Data compression, encoding, and transmission can be improved by
recognizing patterns in data, transmitting the patterns, and then
reconstructing the data at the reception point according to
mathematical constructs. Simple data patterns can be explained
using arithmetic. More complicated data patterns emerge when the
data is viewed geometrically. Far more complex data patterns emerge
under the mathematical light of calculus (i.e., Fourier analysis),
but third wave information technologies necessarily involve far
more complex patterns beyond the abilities of the calculus-based
mathematics to describe them. The theory that perfectly describes
the third wave information technologies is chaos theory and chaos
theory is based, not upon calculus, but upon fractals or fractional
differential equations.

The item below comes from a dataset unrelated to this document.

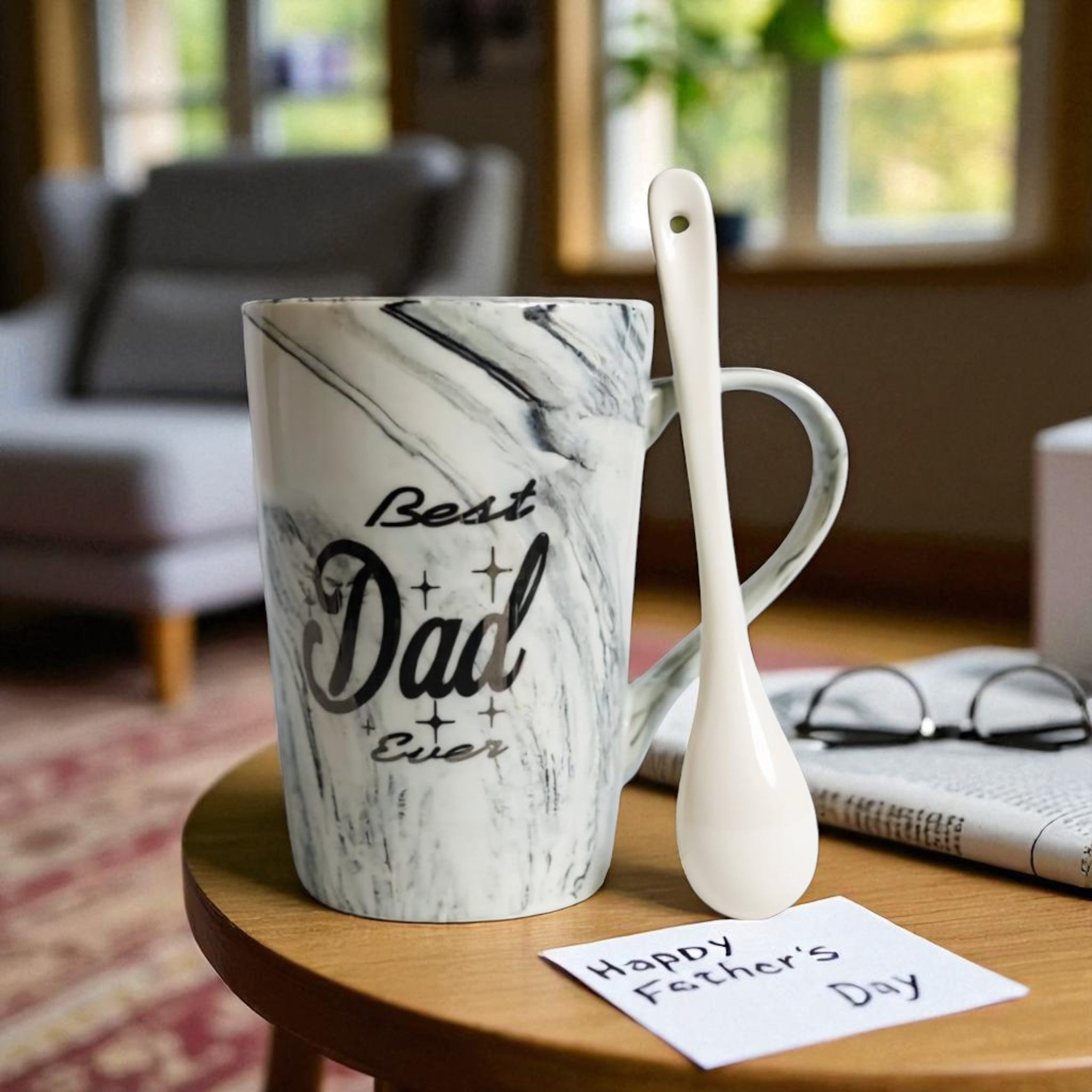 Ceramic Mug Best Dad Ever! Gift Box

A sophisticated communications protocol
using chaos theory and fractals conveys information to unbelievable
speeds by deriving patterns from a two- or three-dimensional
database and describing those patterns with a discrete set of
fractal equations and vectors. One application of this theory would
be in the compression of visual images, where distinct regions of
the visual image could be defined fractally and then the resulting
fractals and vectors would be prepared for transmission. Similarly,
any data set including text, database, or sound file can be
data-mined for patterns and from those patterns the fractal
algorithms and vectors could be derived. For the purpose of this
invention, the inventor does not purport to have invented
fractals-just to make the novel combination of using fractals to
compress text, images, databases and sound files for MDT.TM. and
TONE63.TM. transmission if not all data transmission. In other
words, any data set, be it an image, a sound, a database or a text
file of some kind, will to the computer demonstrate patterns. These
patterns equal fractal algorithms and vectors, farm smaller in
mathematical equation size than the data set itself, allowing
unfathomable compression of the data for transmission purposes.

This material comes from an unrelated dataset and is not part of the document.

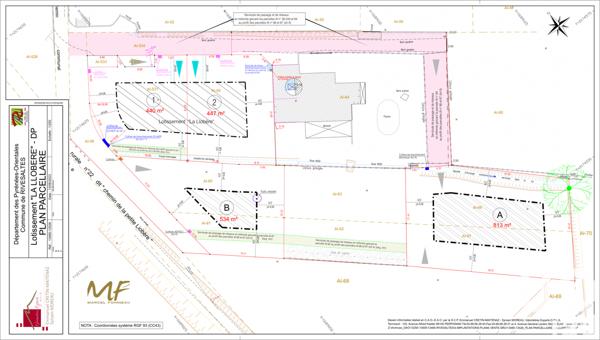 Terrain à vendre 813 m² Rivesaltes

Either MDT.TM. or TONE63.TM. can therefore, when equipped with a
basic fractal-algorithm-and-vector vocabulary, derive from any data
set the defining algorithms and vectors and then transmit just
those algorithms and vectors leaving the recipient computer the
task of reconstructing the data set from the same preset and
predetermined algorithm and vector vocabulary.

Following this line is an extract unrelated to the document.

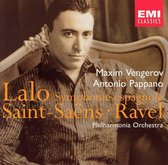 Saint-Saens/Ravel/Lalo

[0498] As an extremely simple example of sending data by
fractal-algorithm-plus-vector is to create a raster file of a blue
circle sent by pixel-based jpeg format by sending a simple fractal
algorithm commanding the recipient computer to create a circle of
radius r and the color blue. Under fractal theory, any shape can be
reduced to fractals, so why not send the definition
(fractal-algorithm-plus-vector) instead of the raster
(pixel-by-pixel) file? Texts can be rendered as fractals just as
images can, because they contain internal patterns which can be
transmitted by fractal-algorithm-plus-vector, with the patterns
having been derived by any sort of data mining. Certainly at a
minimum, computer storage and transmission of visual images should
be accomplished using fractals and the compression they enable as
described above.
[0499] While virtually all notebook and laptop computers have sound
cards, many PDAs do not--but virtually all PDAs have infrared
communication ability. Therefore, one of the electromagnetic
implements of the present invention is an Infrared Mapping
Interface described below. The Infrared Mapping Interface allows
PDAs to serve as data collection and transmission sources (and
recipients) for radio and other conveyances. In order to maintain a
radio station under emergency conditions and operate the station
without the use of commercial power, an Infrared Mapping Interface
transfers data from a low-power consumption Personal Digital
Assistant (PDA) to a low-power consumption Amateur radio. As a
variation, the Interface could receive infrared data from a
computer, or any other device. The interface operates as
follows:
[0500] A Mathematical Mapping--The Infrared Mapping Interface
mathematically maps the ascii (or equivalent) characters associated
with the PDA to the corresponding sounds or modulated data
transmitted by the radio. This mathematical map is a discrete
one-to-one correlation between the infrared form of each ascii
character in the PDA format and the corresponding data form of the
same character in the radio data format. The map to be used in a
particular instance will be determined by the particular PDA
infrared protocol and the particular radio data protocol used by
the equipment at hand.
[0501] 1 PDA Infrared Protocols--PDA infrared protocols are well
established, discrete, and well known. PDAs transfer data among
themselves using reliable and well documented protocols.
[0502] 2 Radio Data Protocols--Similarly, radios transfer data
using a variety of well-established and well documented protocols,
such as Pactor, Amtor, PSK31, and many others. Although these
protocols vary considerably in bandwidth and modulation they all
include the same basic ascii character set.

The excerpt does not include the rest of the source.